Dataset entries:
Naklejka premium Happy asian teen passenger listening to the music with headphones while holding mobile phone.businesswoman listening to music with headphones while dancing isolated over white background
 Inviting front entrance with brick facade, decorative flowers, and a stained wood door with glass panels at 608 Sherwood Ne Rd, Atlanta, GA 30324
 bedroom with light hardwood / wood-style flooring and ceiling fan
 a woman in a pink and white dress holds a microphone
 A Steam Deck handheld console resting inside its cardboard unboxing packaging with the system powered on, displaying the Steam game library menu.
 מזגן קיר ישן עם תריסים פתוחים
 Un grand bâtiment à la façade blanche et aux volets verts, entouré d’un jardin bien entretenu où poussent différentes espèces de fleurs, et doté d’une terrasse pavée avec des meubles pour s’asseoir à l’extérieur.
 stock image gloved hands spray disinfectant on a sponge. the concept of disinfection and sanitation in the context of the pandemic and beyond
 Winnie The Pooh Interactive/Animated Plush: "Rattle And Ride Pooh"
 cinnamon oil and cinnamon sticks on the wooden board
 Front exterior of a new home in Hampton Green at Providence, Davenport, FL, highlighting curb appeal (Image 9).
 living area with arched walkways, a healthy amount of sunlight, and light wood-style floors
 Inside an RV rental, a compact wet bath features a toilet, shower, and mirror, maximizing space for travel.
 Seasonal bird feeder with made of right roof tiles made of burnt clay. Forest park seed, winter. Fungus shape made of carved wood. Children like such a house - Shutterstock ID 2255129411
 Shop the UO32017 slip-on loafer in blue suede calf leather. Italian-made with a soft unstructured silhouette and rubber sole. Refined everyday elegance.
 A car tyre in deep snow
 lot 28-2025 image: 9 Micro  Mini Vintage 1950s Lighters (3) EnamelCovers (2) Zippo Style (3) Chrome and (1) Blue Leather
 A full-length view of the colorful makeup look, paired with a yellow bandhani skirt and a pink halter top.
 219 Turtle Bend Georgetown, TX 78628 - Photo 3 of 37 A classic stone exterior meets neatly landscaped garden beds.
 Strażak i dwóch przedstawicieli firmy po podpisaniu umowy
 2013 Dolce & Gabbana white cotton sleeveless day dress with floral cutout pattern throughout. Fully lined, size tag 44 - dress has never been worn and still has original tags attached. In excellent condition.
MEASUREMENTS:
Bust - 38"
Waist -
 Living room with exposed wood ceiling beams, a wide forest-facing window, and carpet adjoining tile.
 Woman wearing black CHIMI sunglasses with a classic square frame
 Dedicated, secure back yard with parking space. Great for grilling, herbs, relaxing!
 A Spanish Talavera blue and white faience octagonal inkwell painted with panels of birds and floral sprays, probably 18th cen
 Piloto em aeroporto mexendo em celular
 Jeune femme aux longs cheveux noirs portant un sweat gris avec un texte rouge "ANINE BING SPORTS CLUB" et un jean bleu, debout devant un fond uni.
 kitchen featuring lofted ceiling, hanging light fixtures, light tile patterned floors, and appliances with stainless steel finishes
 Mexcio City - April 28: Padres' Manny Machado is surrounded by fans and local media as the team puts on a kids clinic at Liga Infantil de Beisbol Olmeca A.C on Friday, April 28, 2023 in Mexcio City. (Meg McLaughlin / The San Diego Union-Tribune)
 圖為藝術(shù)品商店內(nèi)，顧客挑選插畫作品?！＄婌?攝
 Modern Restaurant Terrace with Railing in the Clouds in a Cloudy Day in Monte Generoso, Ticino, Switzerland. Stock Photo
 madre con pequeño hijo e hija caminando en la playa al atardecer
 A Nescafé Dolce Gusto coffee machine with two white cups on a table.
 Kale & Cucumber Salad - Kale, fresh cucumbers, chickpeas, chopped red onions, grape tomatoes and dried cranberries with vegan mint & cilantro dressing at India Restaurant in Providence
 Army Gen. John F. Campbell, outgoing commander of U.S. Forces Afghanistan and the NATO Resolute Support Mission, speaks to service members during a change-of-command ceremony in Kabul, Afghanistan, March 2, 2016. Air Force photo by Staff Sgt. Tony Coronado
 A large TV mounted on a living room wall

To do :: Every record above belongs in the answer, reproduced exactly.

Written solution ::
Naklejka premium Happy asian teen passenger listening to the music with headphones while holding mobile phone.businesswoman listening to music with headphones while dancing isolated over white background
 Inviting front entrance with brick facade, decorative flowers, and a stained wood door with glass panels at 608 Sherwood Ne Rd, Atlanta, GA 30324
 bedroom with light hardwood / wood-style flooring and ceiling fan
 a woman in a pink and white dress holds a microphone
 A Steam Deck handheld console resting inside its cardboard unboxing packaging with the system powered on, displaying the Steam game library menu.
 מזגן קיר ישן עם תריסים פתוחים
 Un grand bâtiment à la façade blanche et aux volets verts, entouré d’un jardin bien entretenu où poussent différentes espèces de fleurs, et doté d’une terrasse pavée avec des meubles pour s’asseoir à l’extérieur.
 stock image gloved hands spray disinfectant on a sponge. the concept of disinfection and sanitation in the context of the pandemic and beyond
 Winnie The Pooh Interactive/Animated Plush: "Rattle And Ride Pooh"
 cinnamon oil and cinnamon sticks on the wooden board
 Front exterior of a new home in Hampton Green at Providence, Davenport, FL, highlighting curb appeal (Image 9).
 living area with arched walkways, a healthy amount of sunlight, and light wood-style floors
 Inside an RV rental, a compact wet bath features a toilet, shower, and mirror, maximizing space for travel.
 Seasonal bird feeder with made of right roof tiles made of burnt clay. Forest park seed, winter. Fungus shape made of carved wood. Children like such a house - Shutterstock ID 2255129411
 Shop the UO32017 slip-on loafer in blue suede calf leather. Italian-made with a soft unstructured silhouette and rubber sole. Refined everyday elegance.
 A car tyre in deep snow
 lot 28-2025 image: 9 Micro  Mini Vintage 1950s Lighters (3) EnamelCovers (2) Zippo Style (3) Chrome and (1) Blue Leather
 A full-length view of the colorful makeup look, paired with a yellow bandhani skirt and a pink halter top.
 219 Turtle Bend Georgetown, TX 78628 - Photo 3 of 37 A classic stone exterior meets neatly landscaped garden beds.
 Strażak i dwóch przedstawicieli firmy po podpisaniu umowy
 2013 Dolce & Gabbana white cotton sleeveless day dress with floral cutout pattern throughout. Fully lined, size tag 44 - dress has never been worn and still has original tags attached. In excellent condition.
MEASUREMENTS:
Bust - 38"
Waist -
 Living room with exposed wood ceiling beams, a wide forest-facing window, and carpet adjoining tile.
 Woman wearing black CHIMI sunglasses with a classic square frame
 Dedicated, secure back yard with parking space. Great for grilling, herbs, relaxing!
 A Spanish Talavera blue and white faience octagonal inkwell painted with panels of birds and floral sprays, probably 18th cen
 Piloto em aeroporto mexendo em celular
 Jeune femme aux longs cheveux noirs portant un sweat gris avec un texte rouge "ANINE BING SPORTS CLUB" et un jean bleu, debout devant un fond uni.
 kitchen featuring lofted ceiling, hanging light fixtures, light tile patterned floors, and appliances with stainless steel finishes
 Mexcio City - April 28: Padres' Manny Machado is surrounded by fans and local media as the team puts on a kids clinic at Liga Infantil de Beisbol Olmeca A.C on Friday, April 28, 2023 in Mexcio City. (Meg McLaughlin / The San Diego Union-Tribune)
 圖為藝術(shù)品商店內(nèi)，顧客挑選插畫作品?！＄婌?攝
 Modern Restaurant Terrace with Railing in the Clouds in a Cloudy Day in Monte Generoso, Ticino, Switzerland. Stock Photo
 madre con pequeño hijo e hija caminando en la playa al atardecer
 A Nescafé Dolce Gusto coffee machine with two white cups on a table.
 Kale & Cucumber Salad - Kale, fresh cucumbers, chickpeas, chopped red onions, grape tomatoes and dried cranberries with vegan mint & cilantro dressing at India Restaurant in Providence
 Army Gen. John F. Campbell, outgoing commander of U.S. Forces Afghanistan and the NATO Resolute Support Mission, speaks to service members during a change-of-command ceremony in Kabul, Afghanistan, March 2, 2016. Air Force photo by Staff Sgt. Tony Coronado
 A large TV mounted on a living room wall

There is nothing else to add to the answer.